This came out around 2001, and I was in Angels bar one day with a friend who looked up at the square block TV screen it was playing from and said 'if she's such a bad ass stripper then why does she have to make a song about it?'. It made sense then as much as it did now, yet I felt sorry for Jentina. I still feel sorry for her. I think I was the only one who thought the song was OK. The video seemed a bit naff, but actually, I think it says a lot now about then, now that we have so much shit we consider pop music.
I'm not sure if she has a cult following now or what, but considering how awful pop music is now, I don't think she was all that bad. However, she was deeply unpopular at the time, and I never remember the song coming on anywhere in public except that once in the daytime in Angels. (Angels is now called Sidewalk).

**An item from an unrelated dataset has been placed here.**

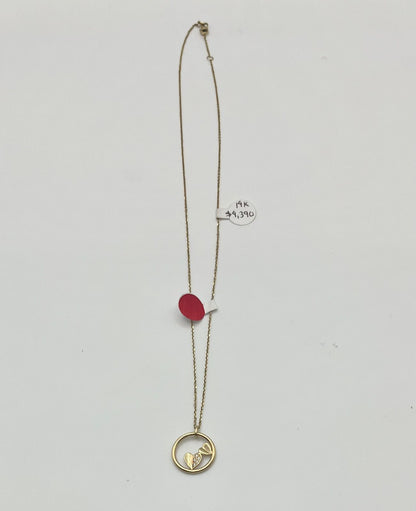 CADENA CON DIJE DE CORAZON ORO 14k 2.2 grs 22 cm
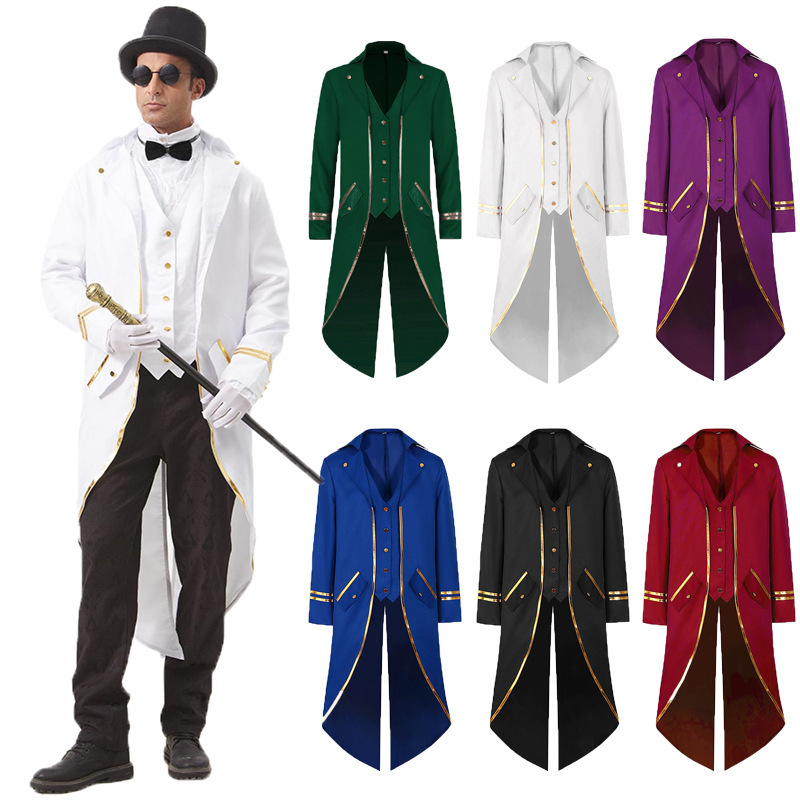 2025 Men's Evening Dress Medieval Gold Edge Jacket Tuxedo Stage Performance Clothing Export Clothing Stage Clothing 2025 Men's Evening Dress Medieval Gold Edge Jacket Tuxedo Stage Performance Clothing Export Clothing Stage Clothing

Jentina was marked to be quite successful before the music came out. I used to read The Face and they featured her in there one month, complete with cutting edge picture, red lips and white skin, eyes concealed by the shadow of a hat, everywhere dripping in excessive gold jewelry.
She was marketed as a sort of gypsy RnB pop singer. At first it was hard to understand why she was so disliked; she was good looking, young, and the song wasn't terrible. She could even kind of sing. There was no auto-tune then! Then I thought that maybe it's a reflection on how society feels about travellers. So hated she was, even Horror Queen of the Chavs Lady Sovereign made a cruel mock up parody of 'Bad Ass Strippa' which in her ghetto black twang she rips apart Jentina with bitchy threatening lyrics. Maybe one member of the working class felt threatened by another by their lower position in the league. Whatever the reason, I think Lady Sovereign is an ugly cunt.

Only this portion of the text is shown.